I’ve also been thinking I would take the Open Yale Course INTRODUCTION TO THEORY OF LITERATURE. Although I am not certain it covers this sort of material or not. (I really, really shouldn’t have dropped out of the 9th grade!!!) The book for the course is a giant – The Critical Tradition, the current edition runs over 2000 pages.
Imagine how many pages it will be in its 1000th edition in 2798?
I ran across this review of the movie Prometheus and thought it might serve as an ancillary resource regarding the topics at hand: I have not seen that movie so I can’t comment on the review, but I can say that, judging by the website it comes from, its author’s point of view obviously skews heavily toward the conspiratorial.
There’s some interesting stuff on the site but one should tread carefully. Remember, Socrates was against art because it was twice removed from the light of truth: shadows of shadows, as it were. Plato was more lenient and through his writing artistry showed that shadows can help reveal the nature of light.
Prometheus Review
I’ve been out with a doozy of a cold (also quitting smoking cold turkey – AGAIN).
That is all in Prometheus.
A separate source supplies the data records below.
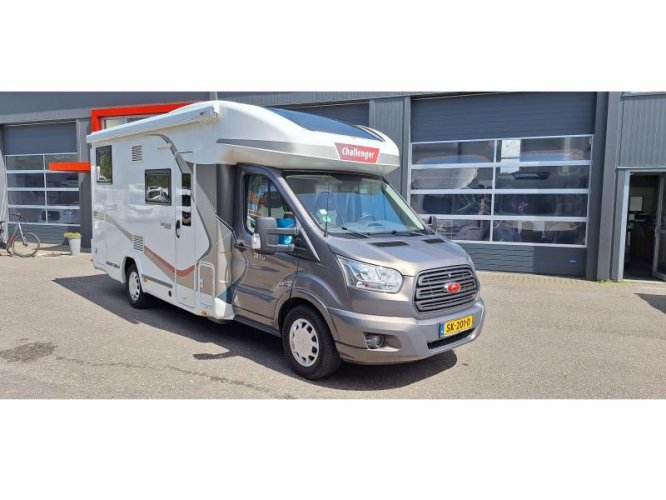 Challenger Genesis 287 GA 2 enkele bedden, 170pk  foto: 0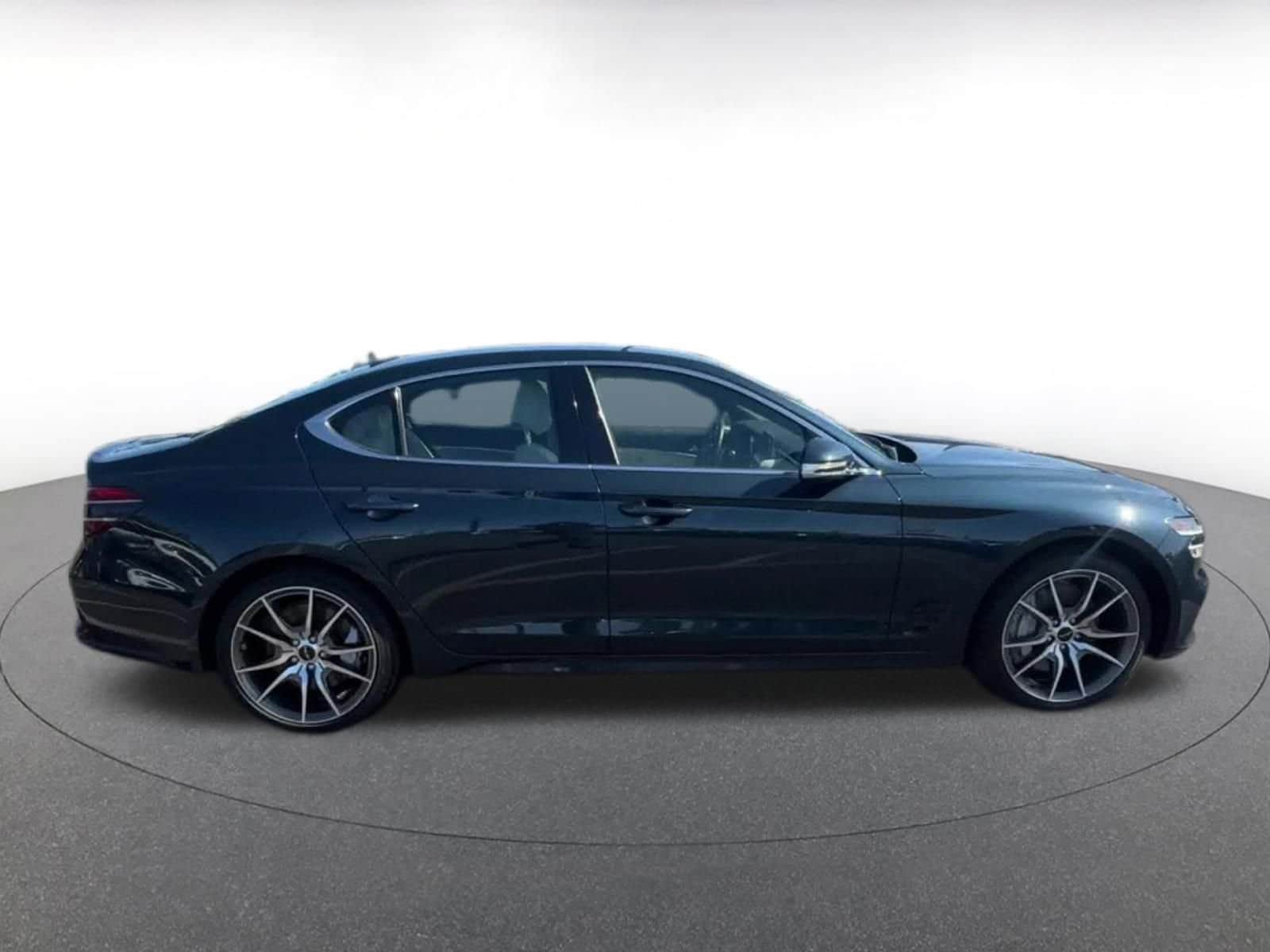 Thumbnail: 2025 Genesis G70 - 15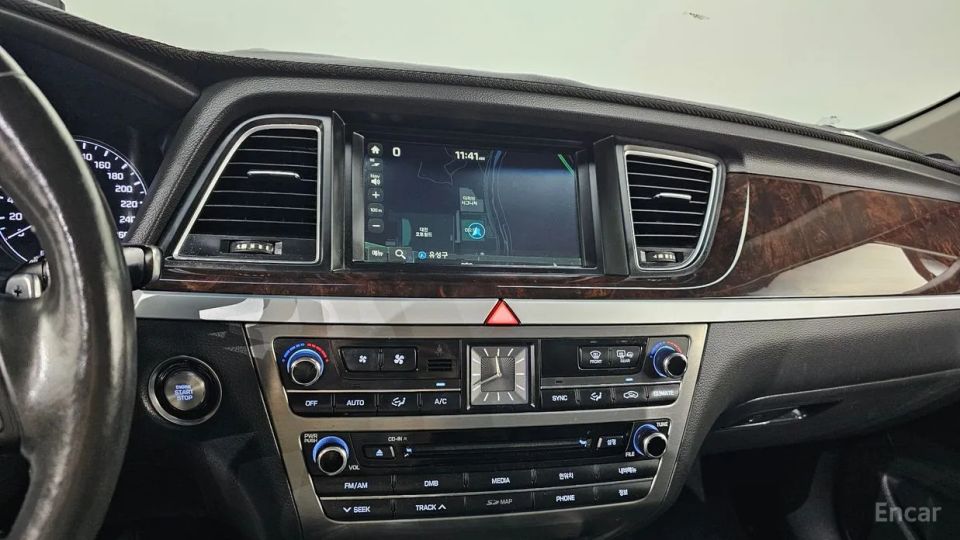 Hyundai Genesis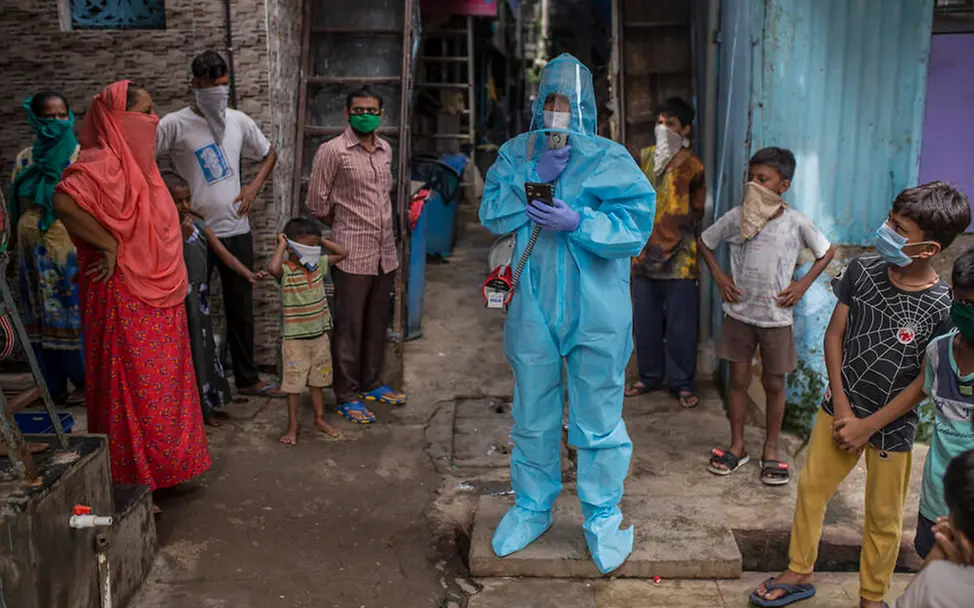 Indien Corona: Ein UNICEF-Helfer klärt über die Gefahren des Coronavirus auf. | © UNICEF/Singh Indien Corona: Ein UNICEF-Helfer klärt über die Gefahren des Coronavirus auf.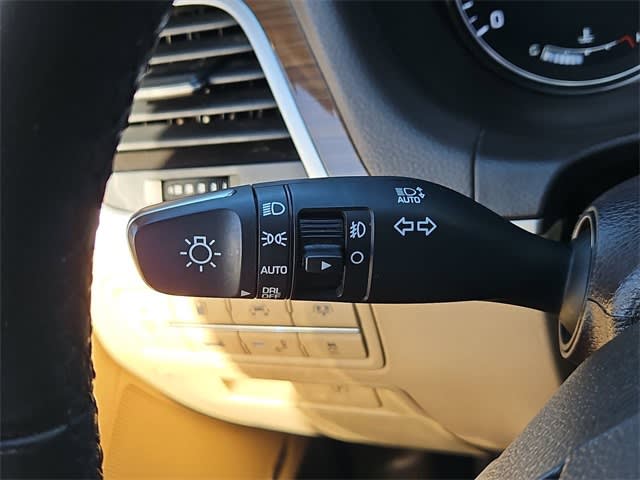 Thumbnail: 2017 Genesis G80 - 34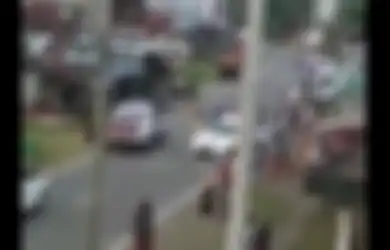 Cuma Melintas Saat Lihat Ada Korban Kecelakaan, Mobil Polisi Bulukumba Dicecar Netizen Usai Video Rekaman CCTVnya Viral, Ini Kata Polda Sulsel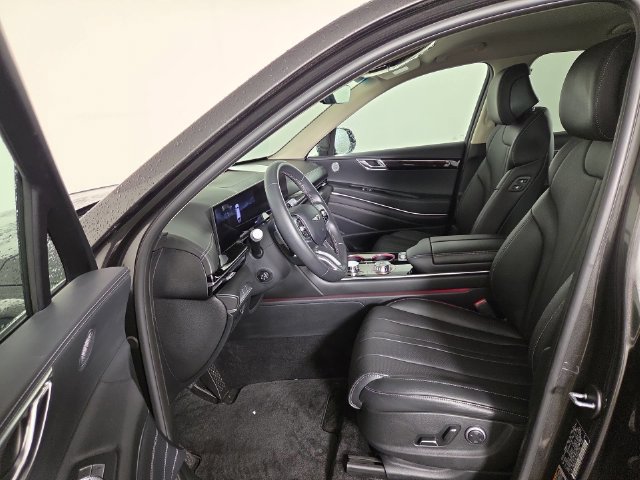 Used 2025 Genesis GV80 2.5T Standard AWD/4WD image 12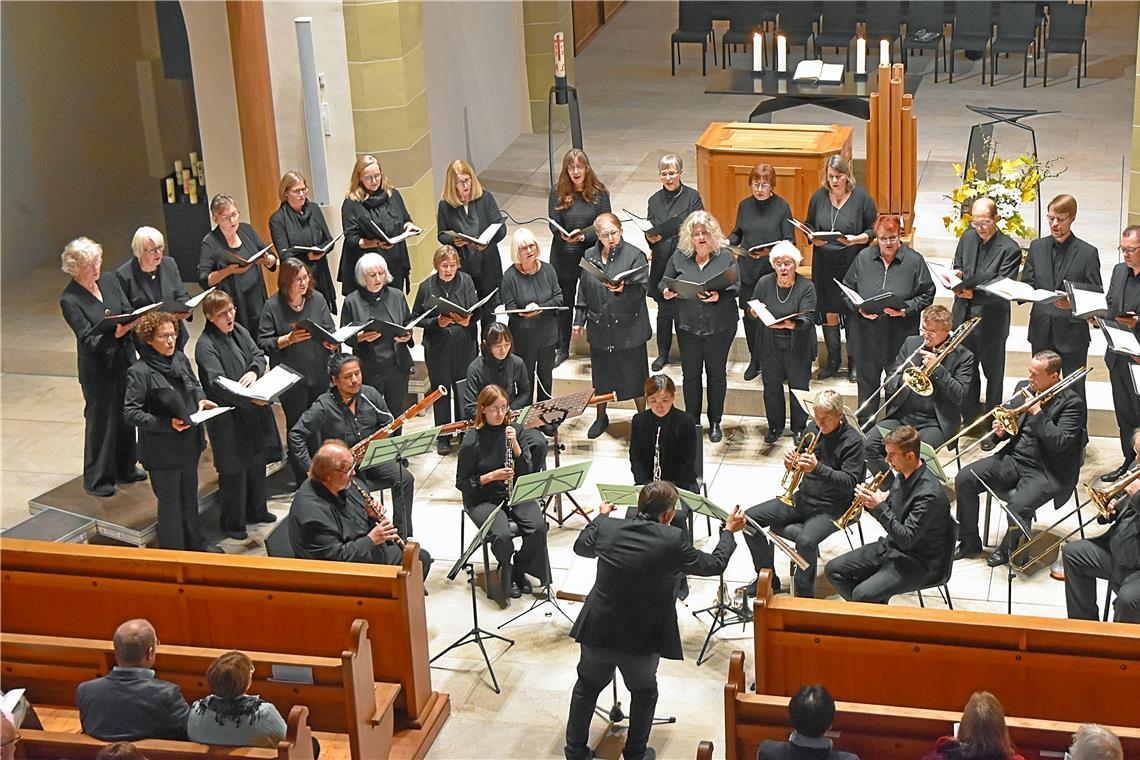 Unter der Leitung von Hans-Joachim Renz führte der Backnanger Kammerchor Samuel Walthers Stück „Wie sein eigenes Herz“ erstmals auf. Foto: Tobias Sellmaier 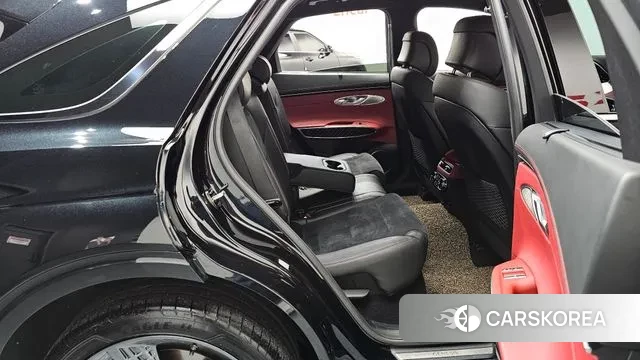 Genesis GV70 2021 Черный из Кореи, фото 3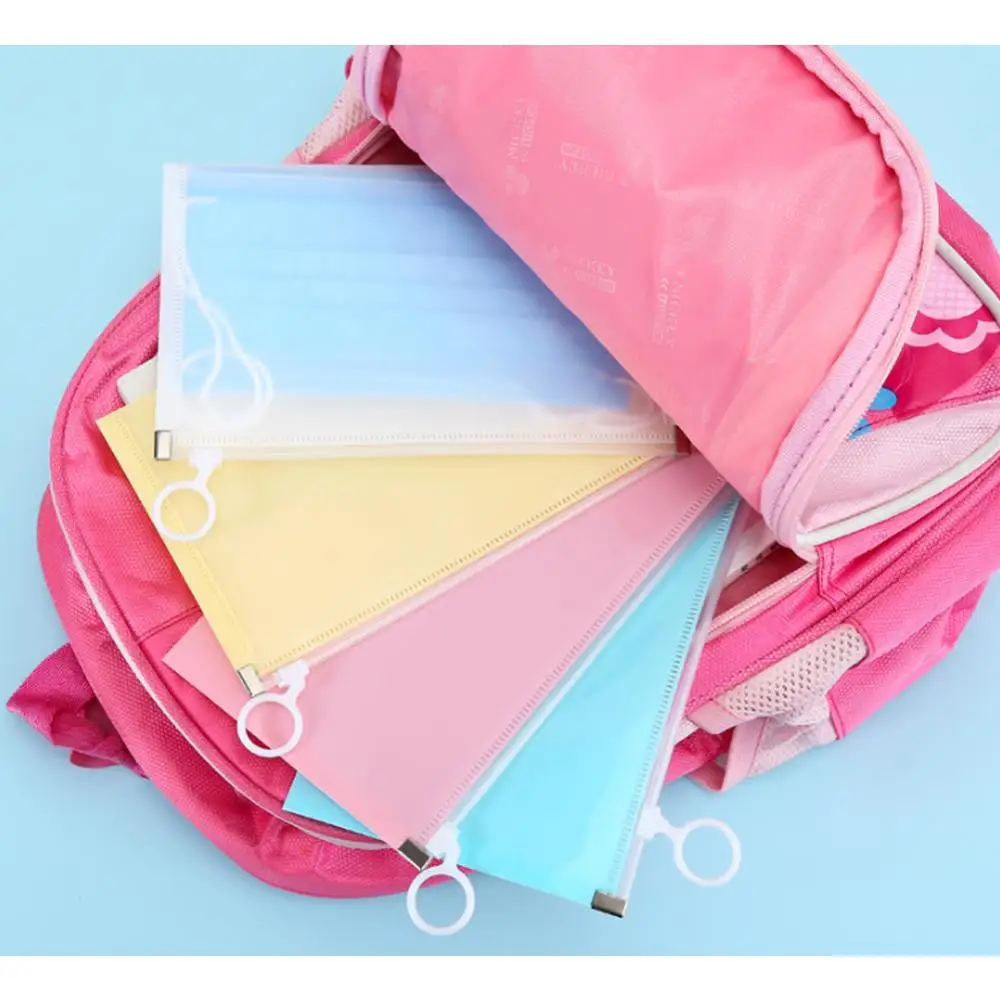 4pcs seal Mask storage bag Antibacterial Portable waterproof Zipper Mask packaging bag Repeated use
4pcs seal Mask storage bag Antibacterial Portable waterproof Zipper Mask packaging bag Repeated use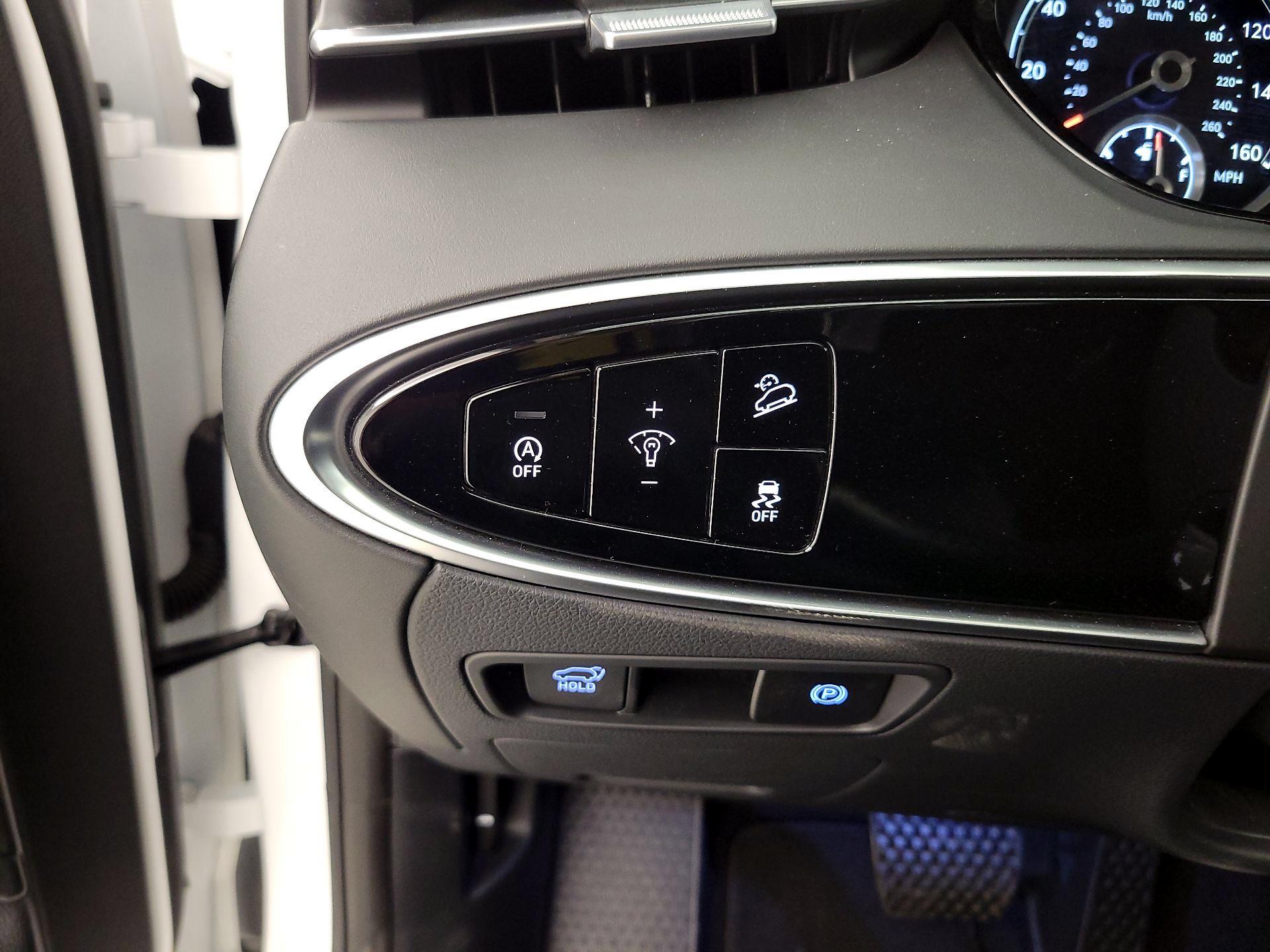 Thumbnail: 2023 Genesis GV70 - 13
But it wasn’t as subtle as 2001, and Prometheus has some boneheaded parts to it. I say it wasn’t as subtle, but that may just be me. I am much more familiar with the themes in Prometheus since they are the very same themes with which I started that story you challenged me to begin several years ago. I even read the book of Enoch and the other passages and books.
Also the theme of God I figure on quite a bit. I find it amusing that you cannot get rid of God through scientific argument or discovery. Although I can on stuff I have no way of proving! But on the stuff you can point to as proven, no, doesn’t touch a God.
Prometheus you would probably like, the ending is really open ended. I still can’t tell if they meant for there to be a second part, a sequel, or not. Most of the questions are not answered, but just put in there – ponder this while these people get slaughtered, please. On the other hand, there are some really head slappers; like the crew, nobody would trust such a ship to a band of idiots like that!